Kambodscha:Erntedank mit Amok

Einmal im Jahr wechselt der Tonle-Sap-Fluss seine Fließrichtung, dann feiern die Kambodschaner ihr größtes Fest. Einwohner und Besucher der Hauptstadt Phnom Penh erleben ein buntes Wunder.

Christian Euler

Der Tonle Sap ist ein außergewöhnlicher Fluss, weltweit einmalig. Denn einmal im Jahr ändert er seine Richtung. Während der Regenzeit drückt der Mekong, der bedeutendste Strom Südostasiens, auf seinem rund 4200 Kilometer langen Weg vom Himalaya bis zu seiner Mündung ins Südchinesische Meer mit solcher Kraft in den Tonle Sap, dass das Wasser nach Norden fließt.

Dann dehnen sich der Tonle Sap und der gleichnamige See auf ein Vielfaches ihrer üblichen Größe aus. Dabei ist der See im Nordwesten Kambodschas mit einer Fläche von 3000 Quadratkilometern schon im Normalzustand das größte Binnengewässer Südostasiens.

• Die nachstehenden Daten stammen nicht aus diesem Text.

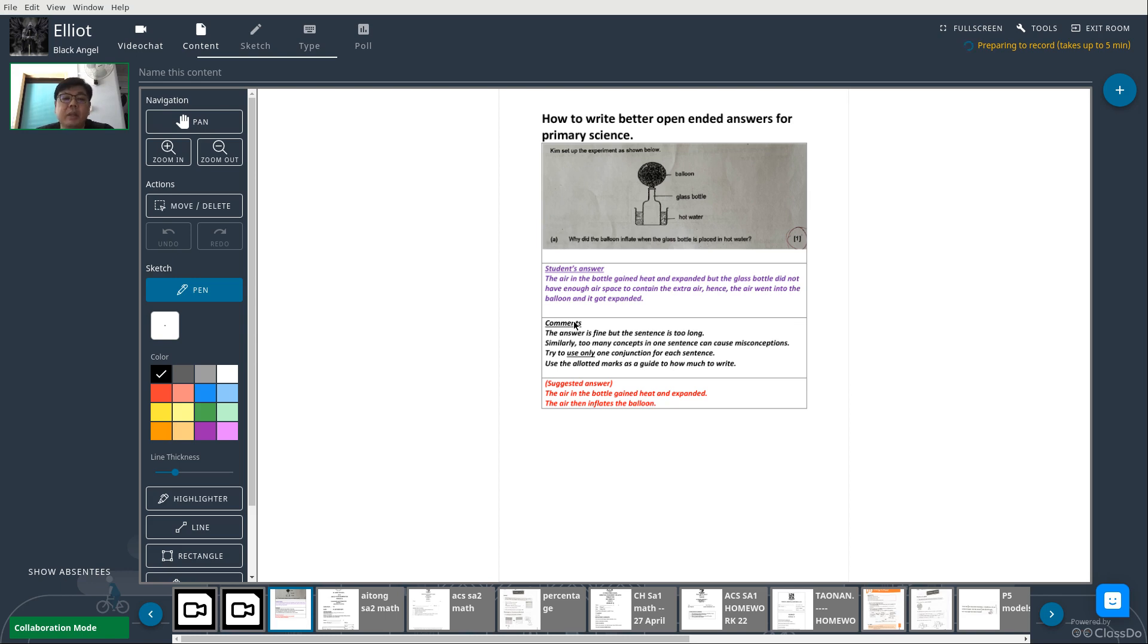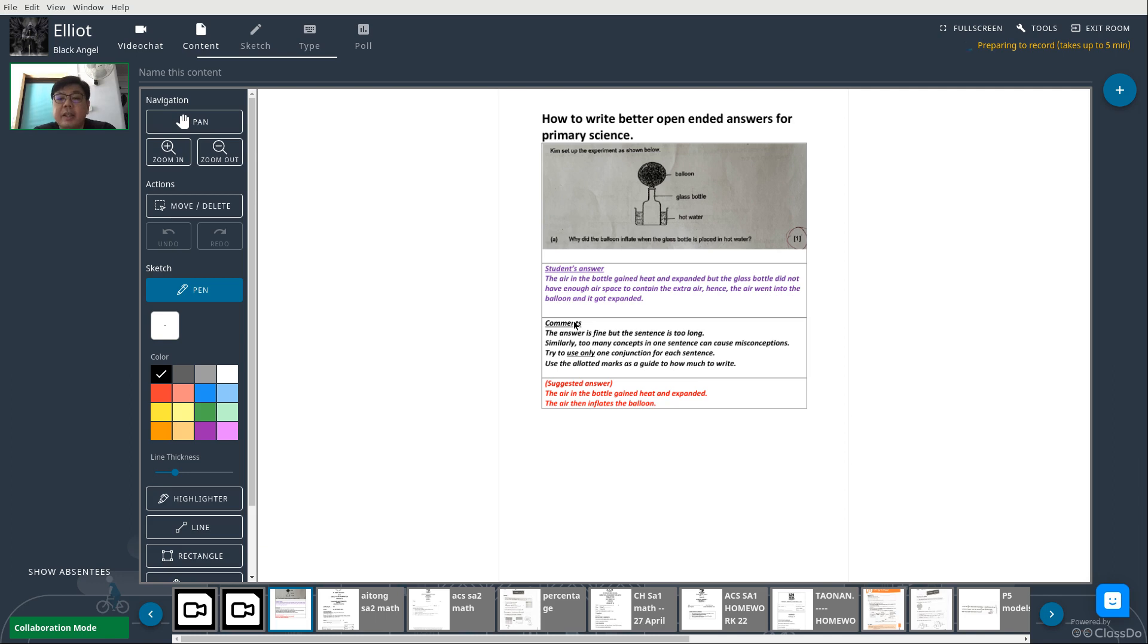So this is what happens in this experiment. Let's take a look at the student's answers. The student wrote: 'The air in the bottle gained heat and expanded, but the glass bottle did not have enough air space to contain the extra air. Hence the air went into the balloon and it got expanded.'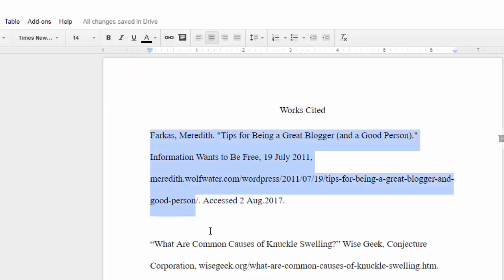To add hanging indents, first select the text you want to be indented. You can select a single paragraph or multiple paragraphs at a time.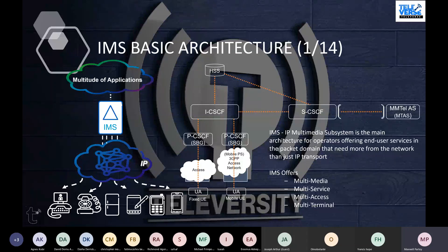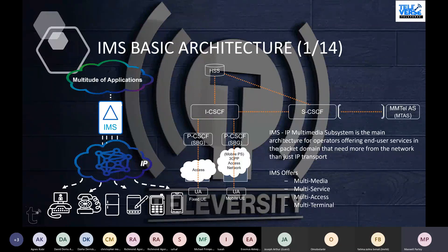The IMS network gives us an edge whereby we can provide some services within the core network, so that the subscriber doesn't go all the way to the Internet. Examples of these services are gaming services and streaming services.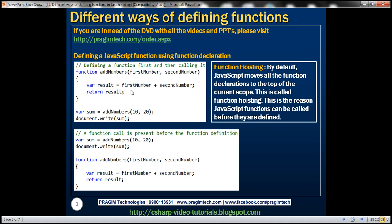In this first example, we are defining the function first and then calling it. In the second example, notice that we are making a call to the addNumbers function before its definition — a call to the function is present before it is defined. Let's see if these two examples are going to work the same way.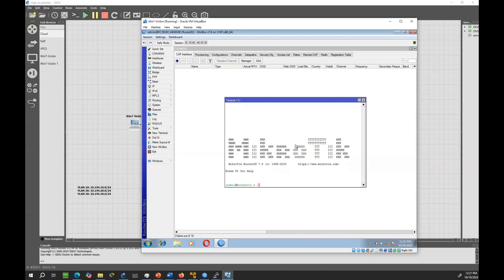To make sure that the configurations are identical on both routers, export the CAPSMAN configuration from router one and import it into the other to ensure consistency.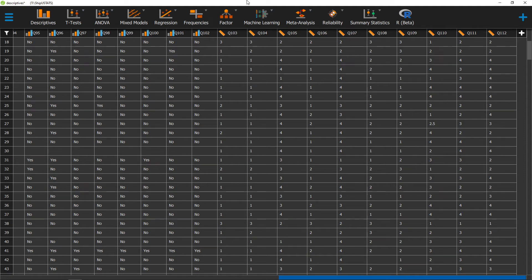Hello, and welcome to ShipU Stats. In this video, we're going to go over how to get a scatterplot in JASP.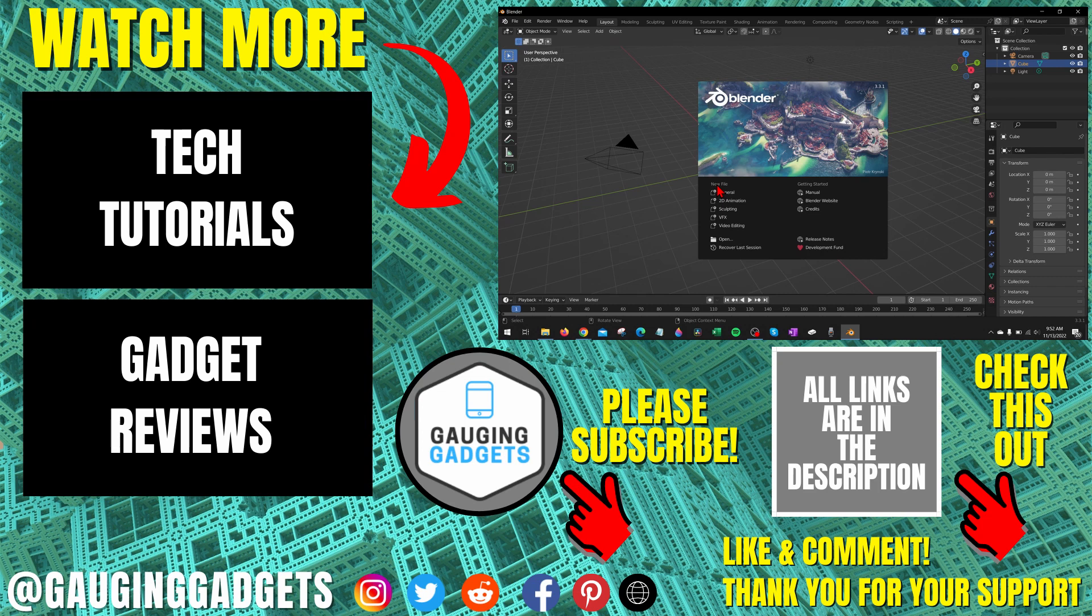If you'd like to see more Windows 10 tips and tutorials, check the links in the description. If this video helped you, give it a thumbs up. And please consider subscribing to my channel, Gauging Gadgets, for more gadget reviews and tech tutorials. Thank you so much for watching.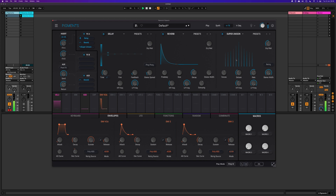This adds a powerful new sound design dimension to Arturia Pigments 5.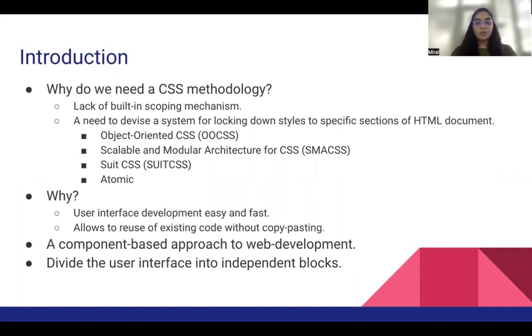So all in all, it makes user interface development easier and faster.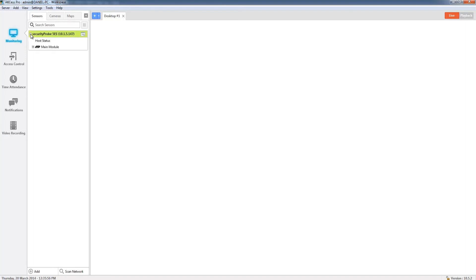If I twirl down you can see that I have my main module and on that main module I have a motion detector and also a security sensor on port 1.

Speist ihn der Mekong, erstreckt sich der Tonle-Sap-See über fast 11.000 Quadratkilometer.

Zum Ende der Regenzeit fließt das Wasser wieder nach Süden ab, so wie bei allen Flüssen dieser Welt: von der Quelle zur Mündung. Und das muss gefeiert werden, jedes Jahr aufs Neue. Bon Om Tuk nennen die Einheimischen das dreitägige Wasserspektakel, dessen genauen Termin der Mondkalender bestimmt. Genau dann, wenn der Vollmond zwischen Ende Oktober und Ende November über Phnom Penh steht, feiern die Kambodschaner ihr beliebtestes und größtes Fest mit einem Drachenboot-Rennen. In diesem Jahr findet es vom 20. bis 22. November statt.

Die Schulen sind geschlossen, viele Arbeiter nehmen sich frei. Bis zu zwei Millionen Besucher werden aus allen Landesteilen in die Hauptstadt strömen - fast ebenso viele, wie es dort Einwohner gibt. Unterkünfte an den Festtagen sind teuer, aber die meisten Menschen sind arm. So bleibt ihnen nur, auf bunten Bastmatten am Straßenrand zu campieren, wo sie das farbenfrohe Treiben aus nächster Nähe erleben. Zehntausende belagern die Uferpromenade, um am Tag den Wettkämpfern zuzujubeln und nachts ein großes Feuerwerk aus der ersten Reihe bestaunen zu können.

Die Stars sind die Drachenboote

Die Stars der Szenerie sind eindeutig die Drachenboote, viele mit Augen am Bug bemalt, die gegen Unheil schützen sollen. Zum Rhythmus der Trommeln liefern sich bis zu 80 Mann Besatzung schweißtreibende Rennen in der tropischen Hitze. Im Unterschied zu westlichen Regatten, wo die Athleten auf die bereits zurückgelegte Strecke schauen, haben die Mannschaften in Phnom Penh ihr Ziel stets im Blick. Nicht jedes Boot kommt aber auch an, so mancher Paddler nimmt ein unfreiwilliges Bad im schmutzig-braunen Fluss. Für manche endet das tragisch, weil sie nicht schwimmen können. Vor zwei Jahren mussten vier Wettkämpfer aus Singapur ihr Leben im trüben Wasser des Mekong-Zuflusses lassen.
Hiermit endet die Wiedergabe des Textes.